Action item: Write out every line exactly, from the first line of the records below through the line that contains "Rénovation d’une maison".

Records:
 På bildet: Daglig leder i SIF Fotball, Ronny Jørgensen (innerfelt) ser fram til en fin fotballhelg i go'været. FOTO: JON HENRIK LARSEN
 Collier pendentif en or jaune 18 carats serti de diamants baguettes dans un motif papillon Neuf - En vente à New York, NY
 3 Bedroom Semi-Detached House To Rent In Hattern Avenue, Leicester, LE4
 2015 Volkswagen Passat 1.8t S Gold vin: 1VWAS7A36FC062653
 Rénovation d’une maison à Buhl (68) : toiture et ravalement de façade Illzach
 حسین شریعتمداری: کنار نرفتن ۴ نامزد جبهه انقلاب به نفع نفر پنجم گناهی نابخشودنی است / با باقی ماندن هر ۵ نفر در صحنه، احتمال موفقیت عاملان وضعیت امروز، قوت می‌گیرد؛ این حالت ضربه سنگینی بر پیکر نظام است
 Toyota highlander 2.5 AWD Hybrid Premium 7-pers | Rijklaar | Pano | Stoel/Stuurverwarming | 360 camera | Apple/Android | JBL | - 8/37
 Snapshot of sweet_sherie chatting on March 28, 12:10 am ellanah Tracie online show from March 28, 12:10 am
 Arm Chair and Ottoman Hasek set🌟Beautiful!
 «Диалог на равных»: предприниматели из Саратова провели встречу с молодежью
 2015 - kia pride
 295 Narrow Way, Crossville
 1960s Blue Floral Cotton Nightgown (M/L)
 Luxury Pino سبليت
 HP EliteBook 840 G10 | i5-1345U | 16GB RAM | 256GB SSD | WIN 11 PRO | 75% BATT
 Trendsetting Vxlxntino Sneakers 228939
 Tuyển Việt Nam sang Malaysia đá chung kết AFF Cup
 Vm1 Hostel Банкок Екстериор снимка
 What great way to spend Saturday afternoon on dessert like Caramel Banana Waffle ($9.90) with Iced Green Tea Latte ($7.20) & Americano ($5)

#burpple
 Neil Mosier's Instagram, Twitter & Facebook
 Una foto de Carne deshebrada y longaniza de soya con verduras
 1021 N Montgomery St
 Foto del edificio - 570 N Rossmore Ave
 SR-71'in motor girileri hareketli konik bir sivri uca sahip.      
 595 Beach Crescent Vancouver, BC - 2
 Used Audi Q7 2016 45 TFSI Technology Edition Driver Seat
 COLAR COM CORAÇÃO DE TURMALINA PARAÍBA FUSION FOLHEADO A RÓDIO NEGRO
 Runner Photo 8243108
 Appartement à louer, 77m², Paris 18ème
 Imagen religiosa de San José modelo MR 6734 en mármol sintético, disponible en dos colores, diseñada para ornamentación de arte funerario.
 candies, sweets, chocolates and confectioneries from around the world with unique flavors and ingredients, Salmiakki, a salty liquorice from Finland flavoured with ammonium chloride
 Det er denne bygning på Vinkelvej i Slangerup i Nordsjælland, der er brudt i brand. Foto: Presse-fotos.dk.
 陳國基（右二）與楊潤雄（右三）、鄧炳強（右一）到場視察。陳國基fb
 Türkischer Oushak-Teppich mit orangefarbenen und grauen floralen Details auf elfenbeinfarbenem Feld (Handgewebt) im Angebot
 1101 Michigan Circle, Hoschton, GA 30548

Response for this exercise:
 På bildet: Daglig leder i SIF Fotball, Ronny Jørgensen (innerfelt) ser fram til en fin fotballhelg i go'været. FOTO: JON HENRIK LARSEN
 Collier pendentif en or jaune 18 carats serti de diamants baguettes dans un motif papillon Neuf - En vente à New York, NY
 3 Bedroom Semi-Detached House To Rent In Hattern Avenue, Leicester, LE4
 2015 Volkswagen Passat 1.8t S Gold vin: 1VWAS7A36FC062653
 Rénovation d’une maison à Buhl (68) : toiture et ravalement de façade Illzach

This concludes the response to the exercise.